He thought some more about their last meeting and pictured Jeanne’s scarred, swollen face as she lay dying. She had recognized him so quickly, so easily, as if she had been waiting for it. Their conversation had been too short, brought to an end when she lost consciousness and the nurses arrived. Aimé had slipped away, as he did so well. He kept the taste of her words in his mouth and the impress of her voice, the memory of their secret nights together in the Brody barn.
His head was clear of all thoughts soon, and he started reading again. The daylight no longer worked its way into the house, it was blocked by some sentiment perhaps, or just tired of always being there, faithfully in position, where we all expected it to be. He needed to get up once more and turn on a lamp, a single bulb with no shade, or a crystal chandelier hanging from the dining room ceiling.
. . . other document, which would complete my trajectory and reveal the path I’m meant to follow. It was a narrative I found in the special collection at the public library, in Sainte-Anne-des-Monts, a tiny room I knew like the back of my hand, and where I was given free rein. It was an old, tattered volume, you had to handle it with care or it would fall to pieces: a first edition of L’influence d’un livre, by Philippe Aubert de Gaspé, fils, from a small edition printed privately by the author, containing retellings of several legends and stories. In subsequent editions these were bowdlerized, probably under pressure from the publisher. One of these was titled “The Leap-Year-Man, an Appalachian Legend.” To give you the thrust of the story I’ll include an excerpt here, as my own copy is too fragile to reproduce. The long passage below is the part that is of interest to us:
Among the many figures gathered around the massive chimney’s blazing hearth was an old man who appeared to be crushed under the weight of the years. He sat on a very low bench, holding his stick in two hands, one of which supported his bald head. Even without catching sight of his satchel, it was apparent that he was a wandering man, a beggar. Yet it was just as clear that, within this fraternity, he held the highest rank. The master of the house implored him to take a seat among his guests, in vain; he answered these hearty entreaties with a bitter smile and a finger pointed at his bundle. A deeply penitent figure, he’d told the host that he’d return to sup in his room. Though he had been kindly offered much more, his wish was to eat bread alone. It was thus with a certain respect that they beheld this old man, who seemed lost in his thoughts. A conversation did ensue, nevertheless, and Jim O’Bailey lost no time in steering it toward his favourite subject. “Yes, gentlemen,” said he, “not in vain have genius and books been given to mankind! With books we can summon forth spirits from the Other World, even the Devil himself.” A few doubters shook their heads, and the old man leaned his own forcefully against his stick.

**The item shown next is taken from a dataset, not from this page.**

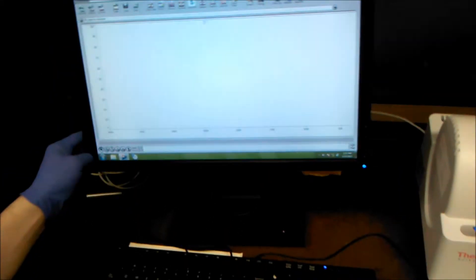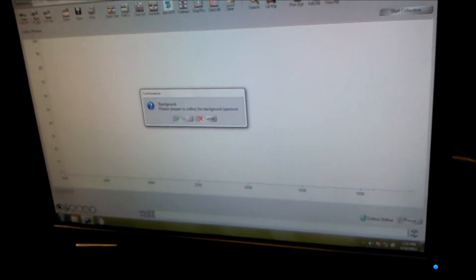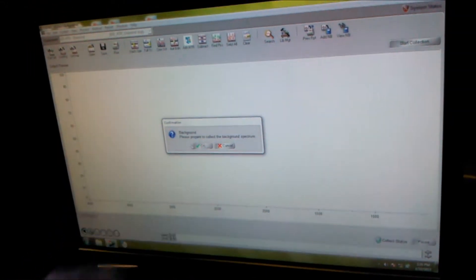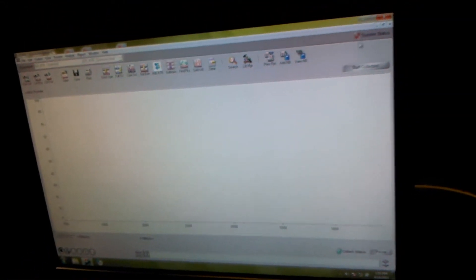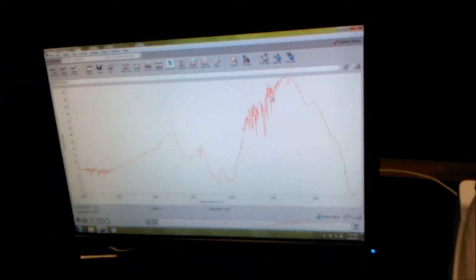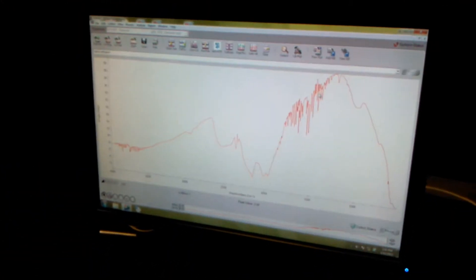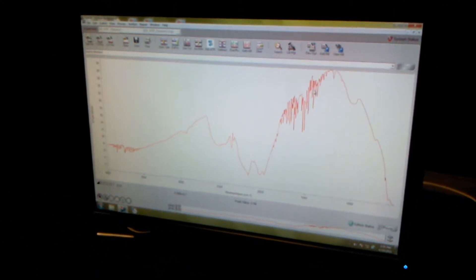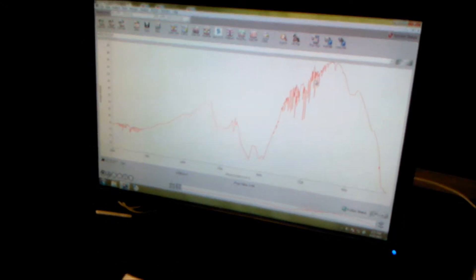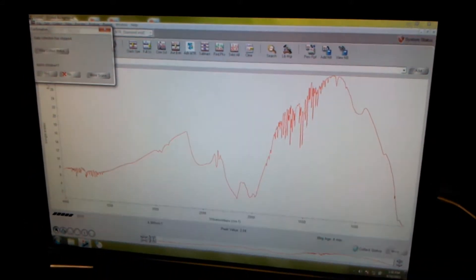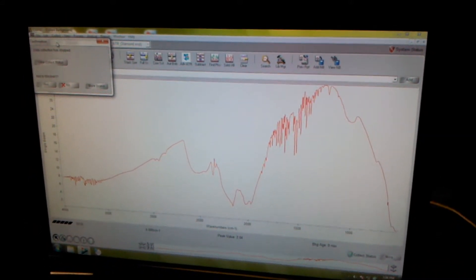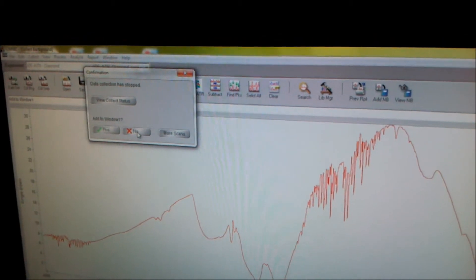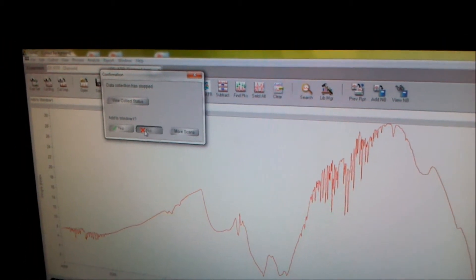The first thing we'll do is collect the background. Click on collect background, and then it says please prepare, we're OK, and then start collection. The machine's going to run 32 iterations, collecting the background, to make sure that it's not in with your sample. Once it stops, it's going to ask if you want to add the spectrum to the window. You do not want to add the background spectrum to the window, so click no.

“Even I,” Jim said, “six months ago, I saw the Devil in the form of a pig.”
“A pig it surely was,” cried out the young notary’s clerk, the local wit.
The old man sat up straight on his bench, with the sternest look of indignation on his face.
“So, Mr. O’Bailey,” said the young clerk, “one must truly be ignorant of science to not know that all these ghost stories are no more than old wives’ tales, dreamed up to put the grandchildren to sleep.”
Here the wanderer could no longer con
tain himself.
“Let me assure you, good sir, that there is indeed such a thing as ghosts, ghosts most terrible, and I have good reason to believe it,” he added.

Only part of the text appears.